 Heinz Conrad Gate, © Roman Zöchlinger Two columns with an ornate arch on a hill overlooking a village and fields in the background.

* * *

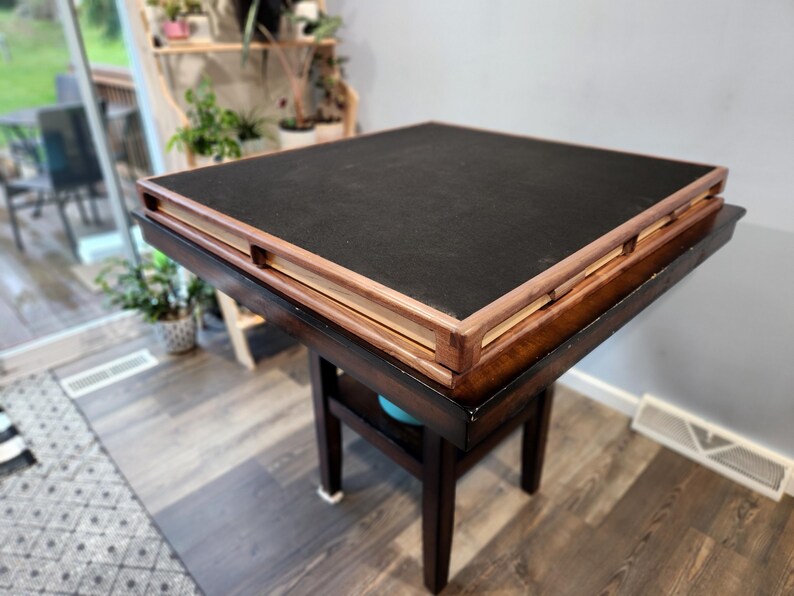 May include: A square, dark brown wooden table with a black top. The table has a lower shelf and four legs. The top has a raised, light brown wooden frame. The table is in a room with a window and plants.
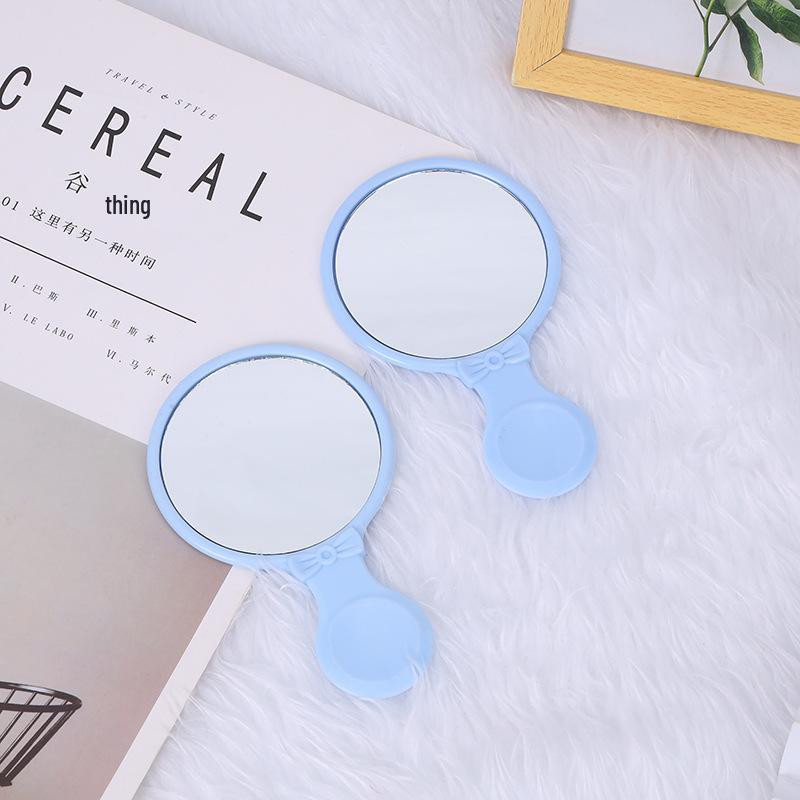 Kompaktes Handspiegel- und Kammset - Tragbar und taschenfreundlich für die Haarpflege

--

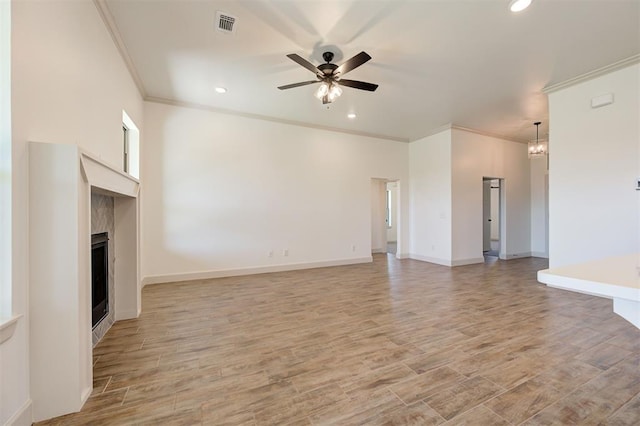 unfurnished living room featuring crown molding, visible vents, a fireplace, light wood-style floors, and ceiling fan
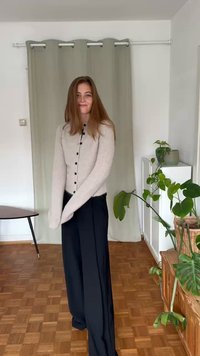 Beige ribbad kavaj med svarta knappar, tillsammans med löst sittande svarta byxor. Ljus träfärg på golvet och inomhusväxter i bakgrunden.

- **About this task**
Only one stretch of the data is wanted: write out exactly the lines from the one holding "unfurnished living room" through the one holding "Beige ribbad kavaj", both included, without the pictures.

- **Expected answer**
 unfurnished living room featuring crown molding, visible vents, a fireplace, light wood-style floors, and ceiling fan
 Beige ribbad kavaj med svarta knappar, tillsammans med löst sittande svarta byxor. Ljus träfärg på golvet och inomhusväxter i bakgrunden.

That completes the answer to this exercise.